Methods: The study covered cancer deaths registered during the period 1989-1998 in Spain. The number of expected deaths was calculated for each of the 8077 towns, with the overall mortality for Spain by age group and sex taken as reference. Person-years were computed on the basis of the 1991 and 1996 census by sex and five-year age groups. In order to obtain a smoothed image of the municipal mortality, we fitted Poisson spatial models, which included two random effects terms: a) municipal contiguity (spatial term); and b) municipal heterogeneity. These models belong to the so-called conditional autoregressive (CAR) models for disease mapping, initially proposed by Besag, York and Mollié. The models were fitted using Markov Chain Monte Carlo methods with non-informative priors with the WinBugs software. Adjacency of municipal boundaries were employed as criterion of contiguity. Parameter of goodness of fit were calculated and convergence diagnostics were conducted on a sample of towns of different population sizes using tests included in the library CODA for R. Mortality map for emerging tumours (myeloma+non-hodgkin lymphomas) that share some chemical/physical risk factors is shown to illustrate the procedure.

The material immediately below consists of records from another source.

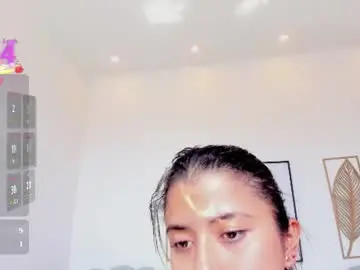 Chaturbate Free Live Porn of issi_loren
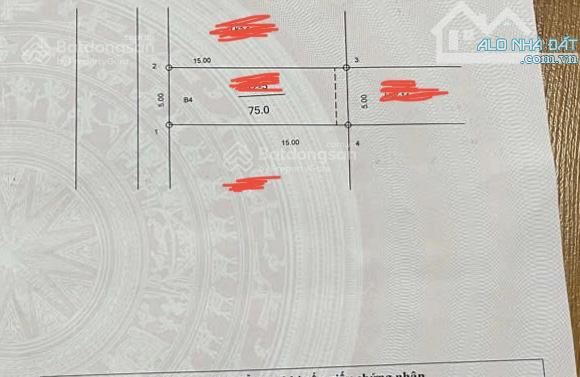 Bán gấp căn liền kề khu đô thị Vạn Phúc,Hà Đông, DT 75m2 5 tầng ôtô tránh nhau giá 21.5 tỷ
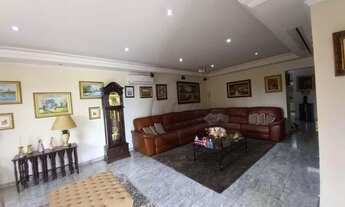 Imagem: Sobrado com 3 dormitórios para alugar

Results: It has been possible to compile and to obtain the posterior distribution of the relative risk from an unique spatial model including the 8077 Spanish towns and the corresponding 47916 adjacencies, investing affordable computing times. The map shows a diffuse pattern with some areas of apparently higher mortality.

Conclusions: This strategy presents important advantages as: 1) their high spatial resolution, which might be useful for environmental surveillance purposes in some cancer locations, 2) the decrease of edge effect problems, present in atlases bounded to a province or an autonomous region and, 3) the efficiency of the method. More research is necessary to solve problems as the excess of zeros and the selection of priors and contiguity criteria.